Department of Computational Biology and Medical Sciences, Graduate School of Frontier Sciences, The University of Tokyo, Chiba 277-8583, Japan.
Department of Pathology, Stanford University, Stanford, California 94305, USA.
Genome Res. 2019 Jun;29(6):1009-1022. doi: 10.1101/gr.244830.118. Epub 2019 May 23.
was the first multicellular eukaryotic genome sequenced to apparent completion. Although this assembly employed a standard strain (N2), it used sequence data from several laboratories, with DNA propagated in bacteria and yeast. Thus, the N2 assembly has many differences from any available today. To provide a more accurate genome, we performed long-read assembly of VC2010, a modern strain derived from N2. Our VC2010 assembly has 99.98% identity to N2 but with an additional 1.8 Mb including tandem repeat expansions and genome duplications. For 116 structural discrepancies between N2 and VC2010, 97 structures matching VC2010 (84%) were also found in two outgroup strains, implying deficiencies in N2. Over 98% of N2 genes encoded unchanged products in VC2010; moreover, we predicted ≥53 new genes in VC2010. The recompleted genome of should be a valuable resource for genetics, genomics, and systems biology.

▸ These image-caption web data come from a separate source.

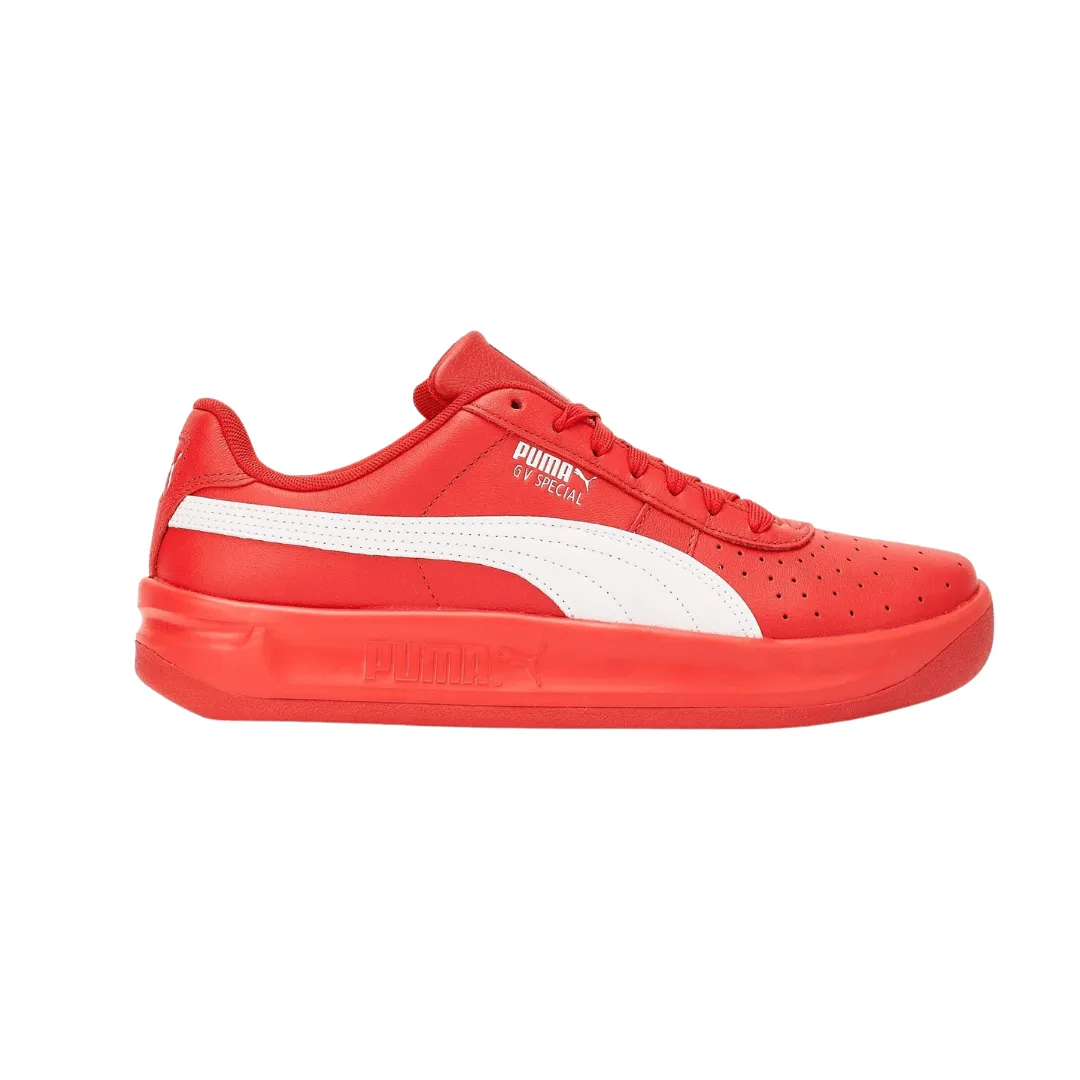 Puma GV Special Reversed - Mens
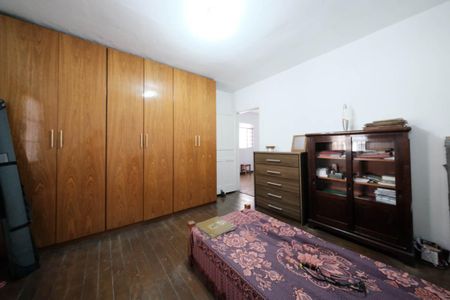 Casa à venda com 201m², 2 quartos e 3 vagasQuarto 1
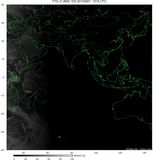 FY2D-086E-201009271316UTC-VIS.jpg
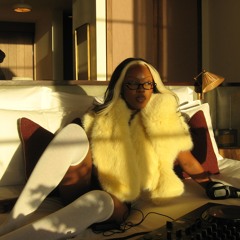 SEXY AFROBEATS 2025 BY AB DOLLARS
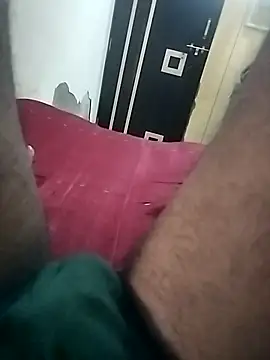 sanju599's cam snapshot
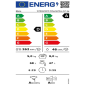 Lave-linge séchant MIELE WTR860WPM Lave-linge séchant MIELE WTR860WPM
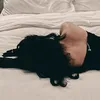 jstvei7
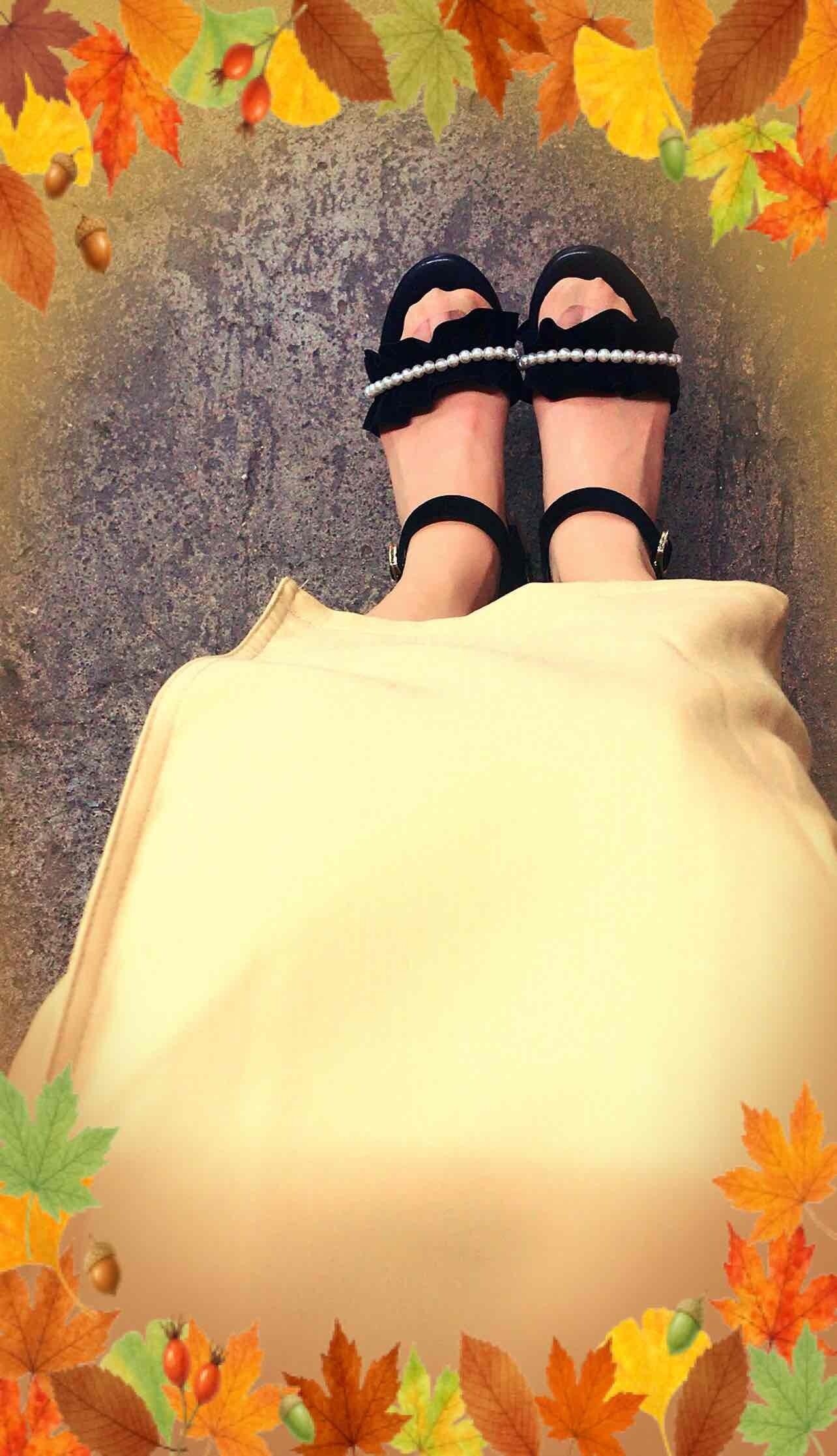 ぬるぬるえ○ちしましませんか？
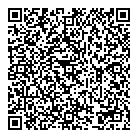 QR код "Цветы & Подарки"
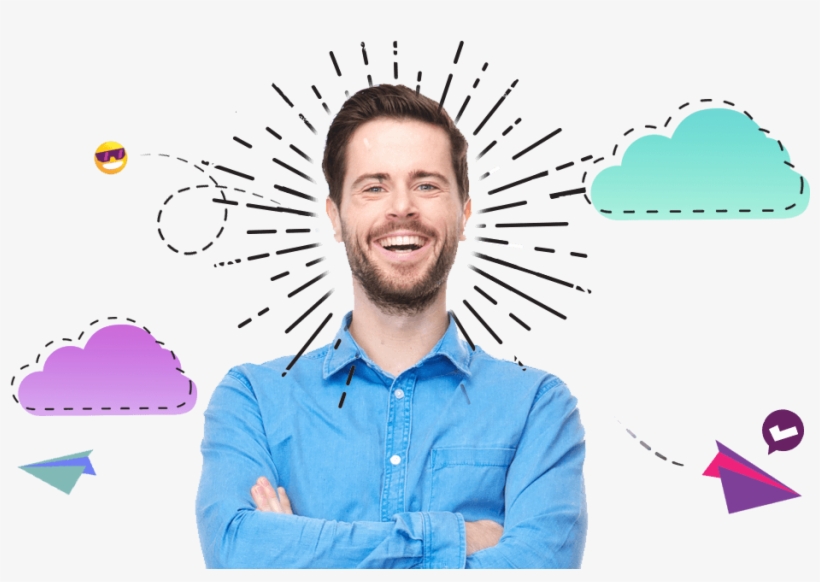 Discover The Best Brands To Buy From With Real, Verified - Diagram, transparent png #9164552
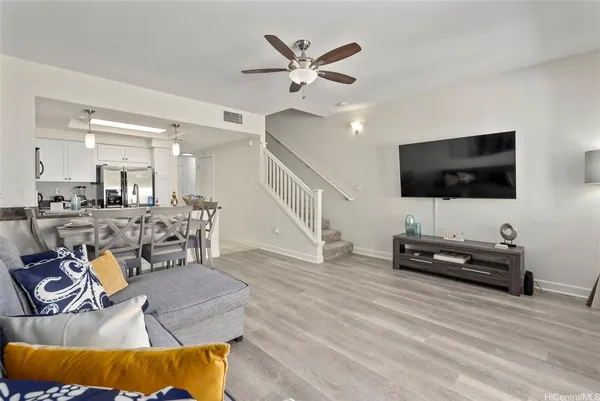 $4,000 | 92-1514 Ali'inui Drive, Unit 1503, Kapolei, HI 96707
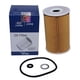 thumbnail image 1 of Filtro aceite hyundai accent rb 1.6 2011 2020, 1 of 3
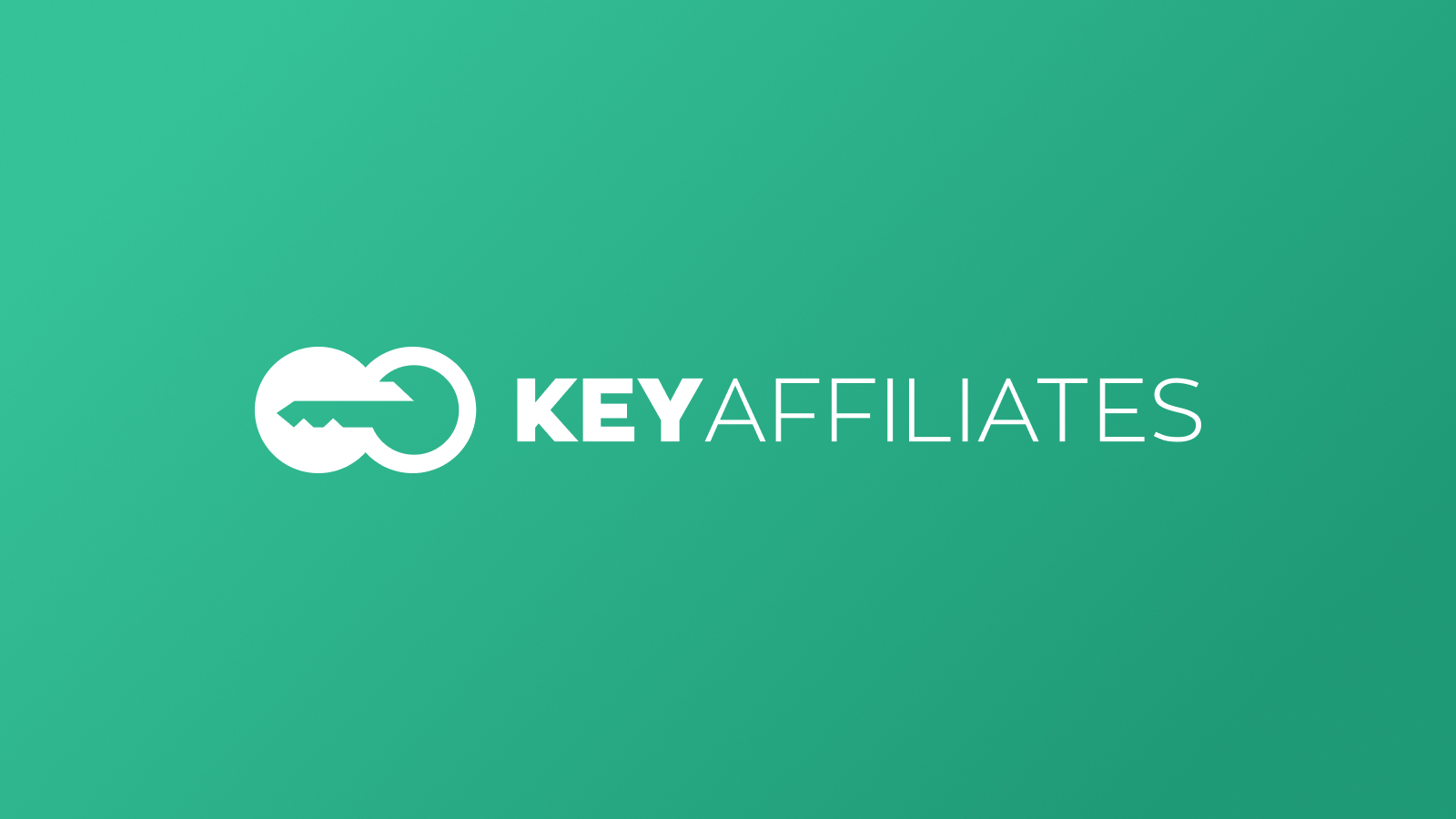 keyaffiliates.com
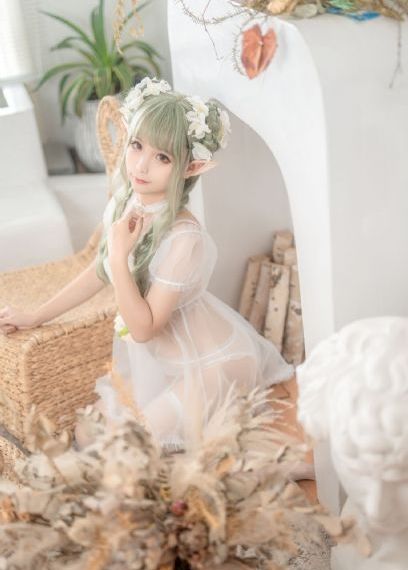 驯服小媳妇_4K在线视频观看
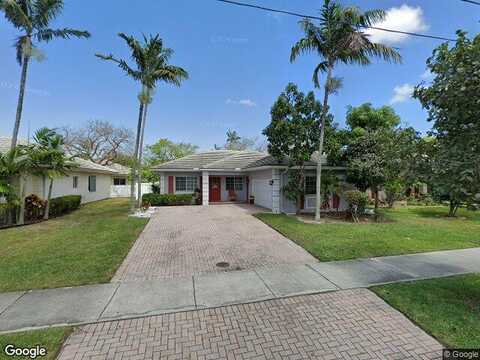 18Th, POMPANO BEACH, FL 33069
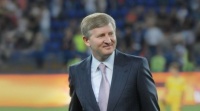 Ахметов, Коломойський, Шевченко та Павелко потрапили у топ-100 найвпливовіших українців за версією журналу Фокус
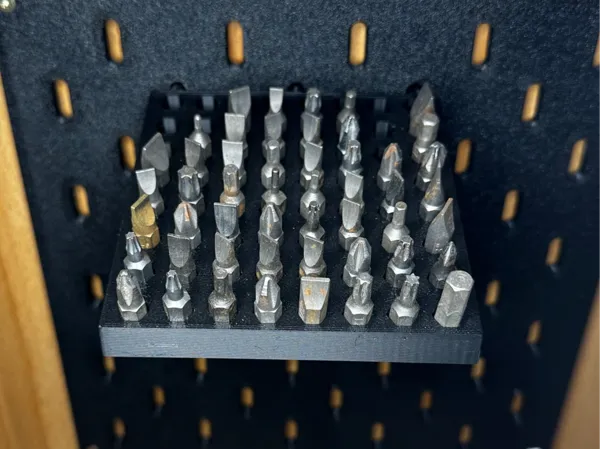 https://makerworld.bblmw.com/makerworld/model/USc61be9429b0937/design/2025-11-06_cd1250e5b40d08.jpg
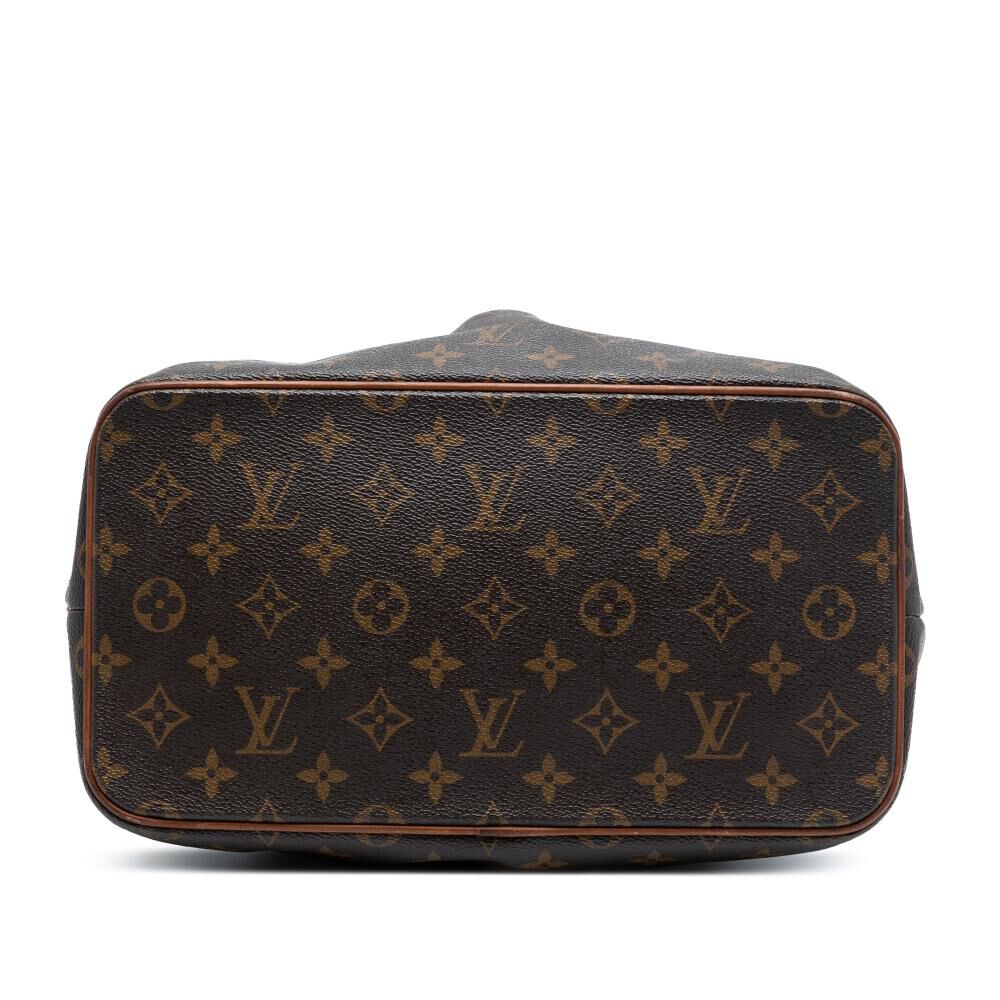 Louis Vuitton Palermo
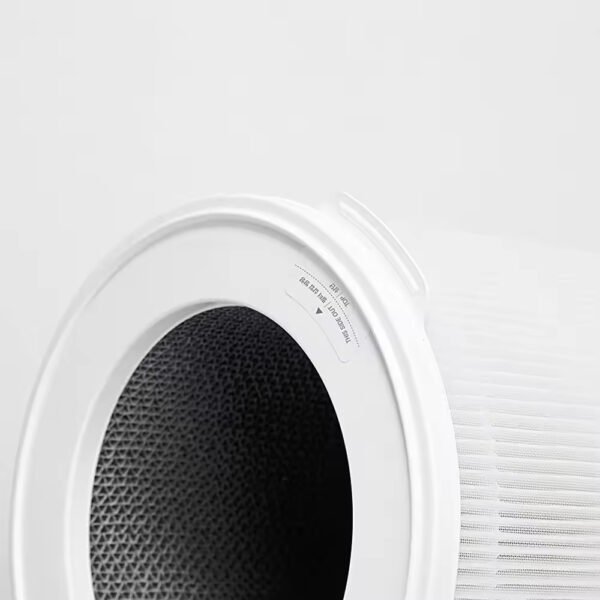 Winix 112180 Air Purifier Filter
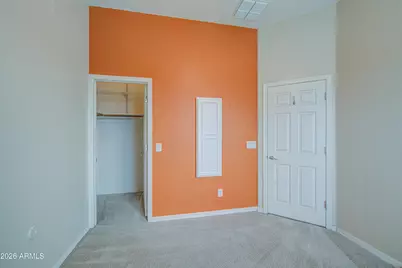 2735 N 149th Avenue, Goodyear, AZ 85395 - Photo 42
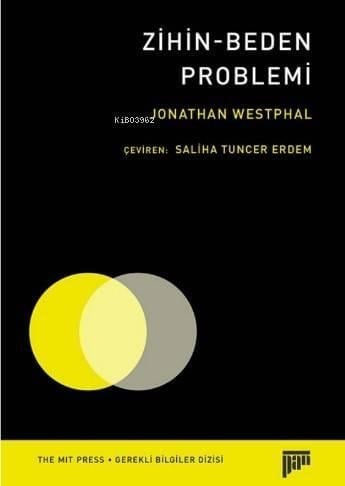 Zihin-Beden Problemi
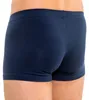 HERMKO 8900 Herren Pant aus Baumwolle / Elasthan , Größe:D Produktbild-Vorschau 2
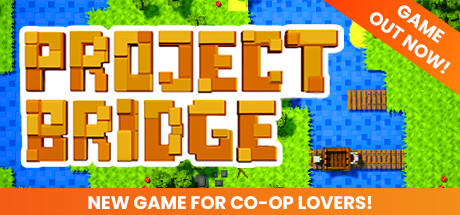 Banner of Project Bridge 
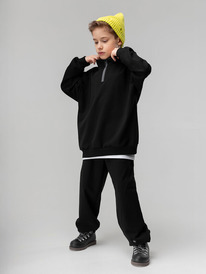 24.03 Bodo ������ � ���������� �� �������� ������ 11-658MU ������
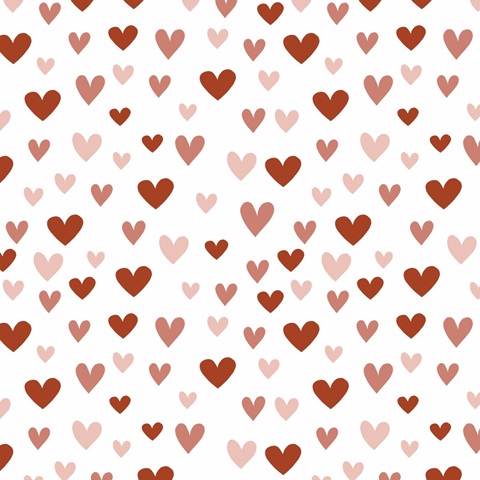 Darling Valentine Collection I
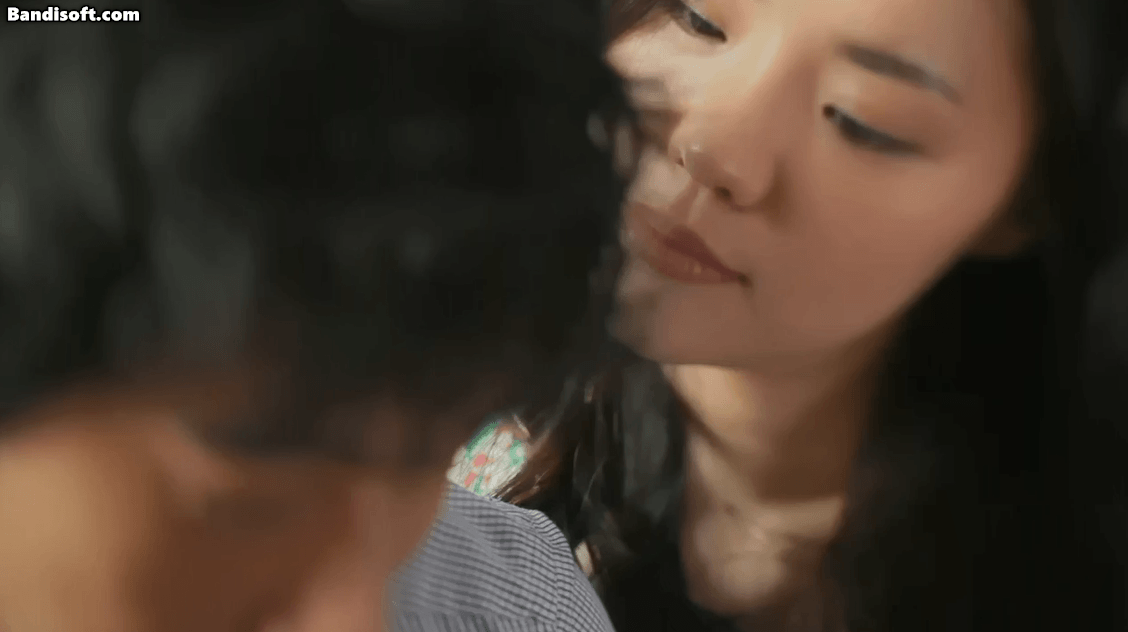 8dcf78df3304f8e8bd995648d4ed8dc1_1748924463_475.gif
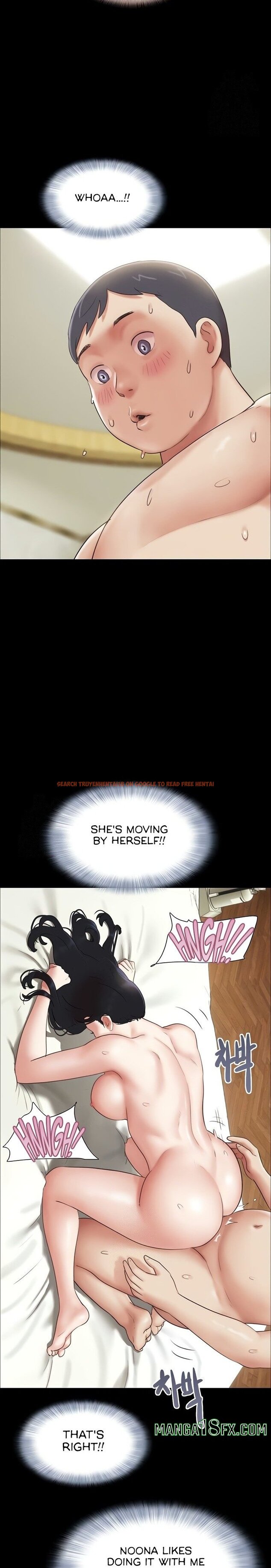 Read Hentai Image 24 947 in comic Soeun - Chapter 65 - hentaitnt.net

是第一个被测序到明显完整的多细胞真核生物基因组。虽然这个组装使用了一个标准品系(N2),但它使用了来自几个实验室的序列数据,这些数据在细菌和酵母中进行了繁殖。因此,N2 组装与今天可用的任何组装都有许多不同。为了提供更准确的基因组,我们对来自 N2 的现代品系 VC2010 进行了长读长组装。我们的 VC2010 组装与 N2 的同一性为 99.98%,但增加了 1.8Mb,包括串联重复扩展和基因组重复。对于 N2 和 VC2010 之间的 116 个结构差异,在两个外群菌株中也发现了 97 个与 VC2010 匹配的结构(84%),这表明 N2 存在缺陷。超过 98%的 N2 基因在 VC2010 中编码未改变的产物;此外,我们预测 VC2010 中至少有 53 个新基因。重新完成的基因组应该是遗传学、基因组学和系统生物学的宝贵资源。